As can be seen in Table 2, there was a significant main effect for gender. Examination of the mean trial of first error indicated that boys made errors sooner than girls (meanBoys = 6.16, SD = 5.28; meanGirls = 7.83, SD = 5.99, p < .001).

Cocaine Exposure

Cocaine showed a significant effect such that exposed children made errors sooner than unexposed children (meanExp = 6.42, SD = 5.30; meanNExp = 7.29, SD = 5.89, p < .05). Examination of the different levels of exposure revealed no differences between lightly versus heavily exposed children.

Child IQ

After controlling for the effects of environmental risk, gender, and cocaine exposure, child IQ also showed a significant effect (Table 2). A subsequent median split found children with lower IQ scores made errors sooner on the Contrary Tapping task (meanLIQ = 5.85, SD = 5.54; meanHIQ = 8.18, SD = 5.81, p < .05).

Two-Way Interactions

As shown in Table 2, the block of two-way interactions contributed significant variance to the prediction of Contrary Tapping performance. Environmental risk was a moderator of cocaine exposure such that cocaine-exposed children made an error sooner only if they lived in low-risk environments (meanExpLRsk = 6.47, SD=5.33; meanNExpLRsk = 7.63, SD = 6.02; p < .05). No difference was found between exposed and unexposed children living in higher risk environments (meanExpHRsk = 6.29, SD = 5.41; meanNExpHRsk = 6.10, SD = 5.36). Unexposed children living in low-risk environments made their first errors significantly later than each of the other three groups (ps < .05).

IQ also moderated the effects of cocaine exposure. Although there was no main effect for light versus heavy cocaine exposure on Contrary Tapping performance, level of exposure did interact with IQ. Among children who were unexposed or only lightly exposed to cocaine, low IQ was associated with making an error sooner (meanN/LExpLIQ = 5.75, SD = 5.56; meanN/LExpHIQ = 8.41, SD = 5.96; p < .05). However, for children with high levels of exposure, IQ was unrelated to when the first error occurred (meanHExpLIQ = 6.19, SD = 5.64; meanHExpHIQ = 6.50, SD = 4.50). Of note, children with IQ scores below the median were disproportionately likely to have been cocaine exposed (χ2[1] = 9.17, p < .01).

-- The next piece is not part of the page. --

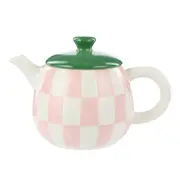 Emporium Check Teapot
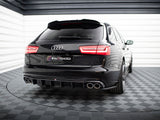 Rear Valance compatible with Audi A6 Sedan / Avant C7 (Version with dual exhausts on both sides)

IQ and gender also interacted. This seems to be explained by a trend for boys with low IQs to make errors sooner than girls with low IQs (meanB-LIQ = 4.86, SD = 4.78; meanG-LIQ = 7.03, SD = 6.20, p = .10). However, gender did not differentiate the trial of first error among children with high IQs (meanB-HIQ = 7.62, SD = 5.73; meanG-HIQ = 8.62, SD = 5.91).

Finally, a trend was found for cocaine exposure and gender to interact; exposed boys tended to make errors sooner than exposed girls (meanExpB = 4.95, SD = 4.11; meanExpG = 7.46, SD = 5.85, p = .09). However, gender did not differentiate trial of first error among unexposed children (meanNExpB = 6.64, SD = 5.64; meanNExpG = 8.07, SD = 6.14).

DISCUSSION

In the current study, we compared the performance of 5-year-old children who were prenatally exposed to cocaine with that of unexposed children on a conflict inhibitory control procedure (i.e., a task in which the object was not only to withhold an impulsive response but also to provide an incompatible motor response). We found that cocaine-exposed children had greater difficulty inhibiting the prepotent response of imitation of the experimenter’s action because they succeeded in fewer trials before making the first error on the Contrary Tapping task. This is consistent with findings of poorer impulse control in prenatally exposed children from the same cohort at 2 years of age.4 In that study, cocaine-exposed children were quicker than unexposed children to reach for, take, and eat a cookie when they were told not to.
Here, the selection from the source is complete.